Principaux portails publics  |     | 

Stratégie numérique - Marché intérieur
Droits d’auteur - La Commission propose de faciliter l'octroi de licences de droits sur les œuvres musicales dans le marché unique
11-07-2012


Couverture de la brochure présentant la stratégie de la Commission en matière de Droits de la Propriété intellectuelleLa Commission européenne a proposé le 11 juillet 2012 une directive qui contient des mesures visant à moderniser les sociétés de gestion collective de droits d'auteur et à les inciter à renforcer leur transparence et leur efficacité. La directive proposée est présentée comme un des nouveaux éléments qui doivent contribuer à la mise en place d’un marché unique pour les droits de propriété intellectuelle et s'inscrit dans le cadre de la stratégie définie en 2011 par la Commission en matière de propriété intellectuelle:

Selon la Commission, les nouvelles technologies numériques ouvrent de grandes perspectives aux créateurs comme aux consommateurs et aux entreprises. La demande de contenus culturels en ligne (musique, films, livres, etc.) ne cesse de croître, sans tenir compte ni des frontières ni des restrictions nationales. Il en va de même des services en ligne permettant d'accéder à ces contenus.
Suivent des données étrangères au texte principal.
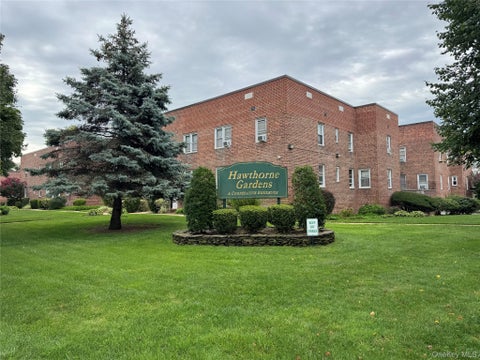 Homes For Sale - 145 Smith St #D21<br/> Freeport, NY 11520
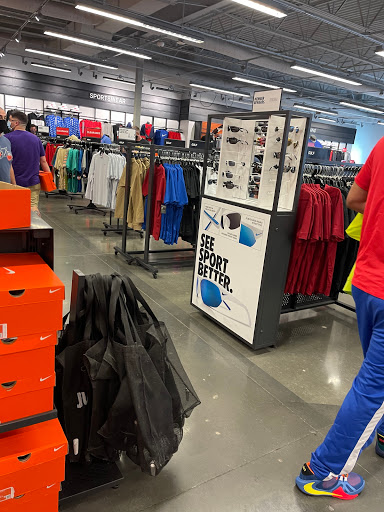 Clothing Store «Nike Factory Store», reviews and photos, 2350 Grand Cypress Dr #350, Wesley Chapel, FL 33544, USA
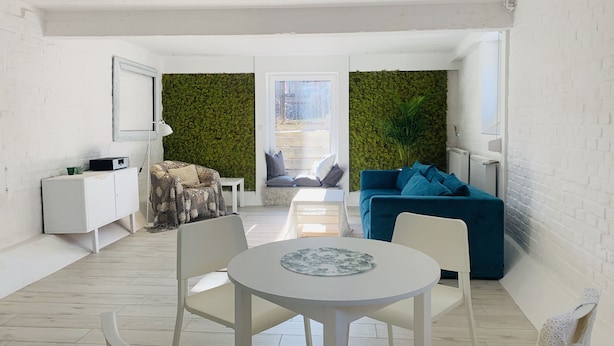 Apartamento Deluxe | Servicio de comidas en la habitación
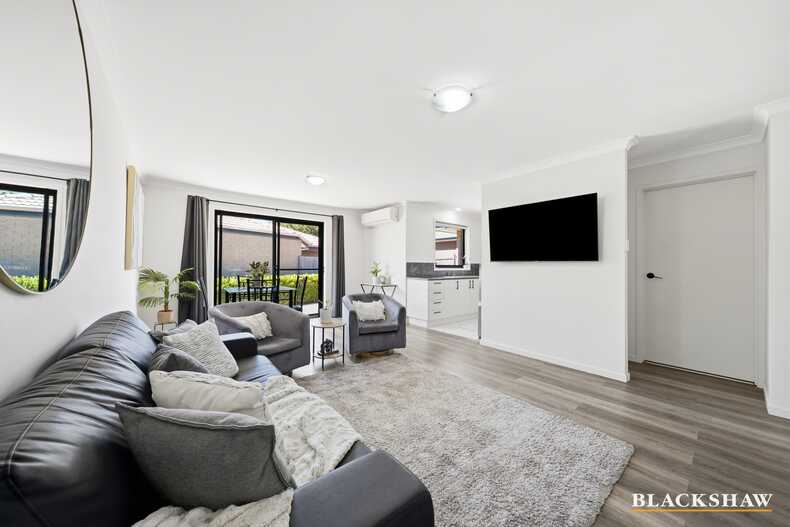 1 Jeff Snell Crescent Dunlop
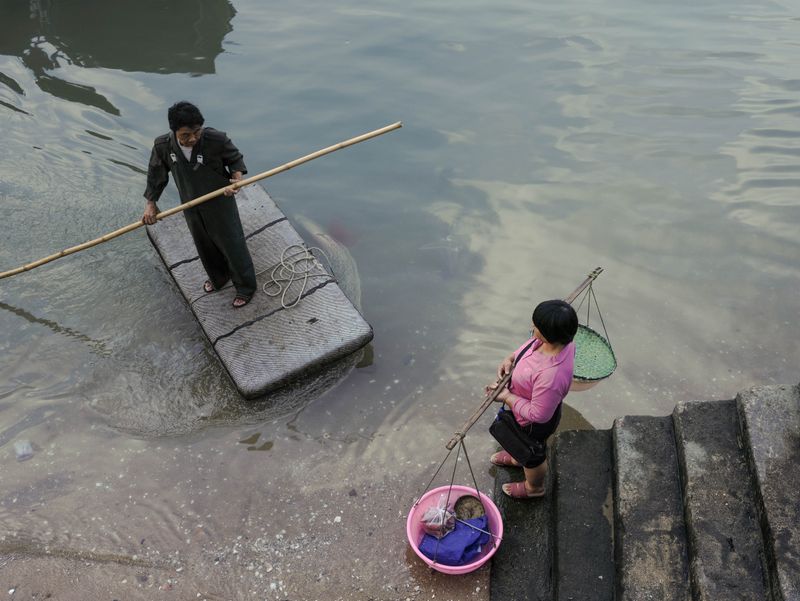 © Pan Wang - Fishermen prepare to go home by boat in Beihai City, Guangxi Province, China on November 26, 2020.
C'est là qu'interviennent les sociétés de gestion collective de droits d'auteur, en particulier pour la musique, puisqu'elles gèrent collectivement la concession de licences d'exploitation en ligne d'œuvres musicales protégées par le droit d'auteur pour le compte d'auteurs et de compositeurs et leur redistribuent les redevances qui s'y rapportent.

Or, certaines sociétés de gestion collective ont, juge la Commission, du mal à s'adapter aux contraintes de la gestion de droits pour l'exploitation en ligne d'œuvres musicales, notamment dans un contexte transfrontière. Résultat : un accès à moins de services musicaux en ligne. Et dans ce contexte, le Luxembourg est cité en compagnie de Malte, Chypre, la Slovénie, les Etats baltes, la Hongrie, la Bulgarie, la Grèce et la Roumanie.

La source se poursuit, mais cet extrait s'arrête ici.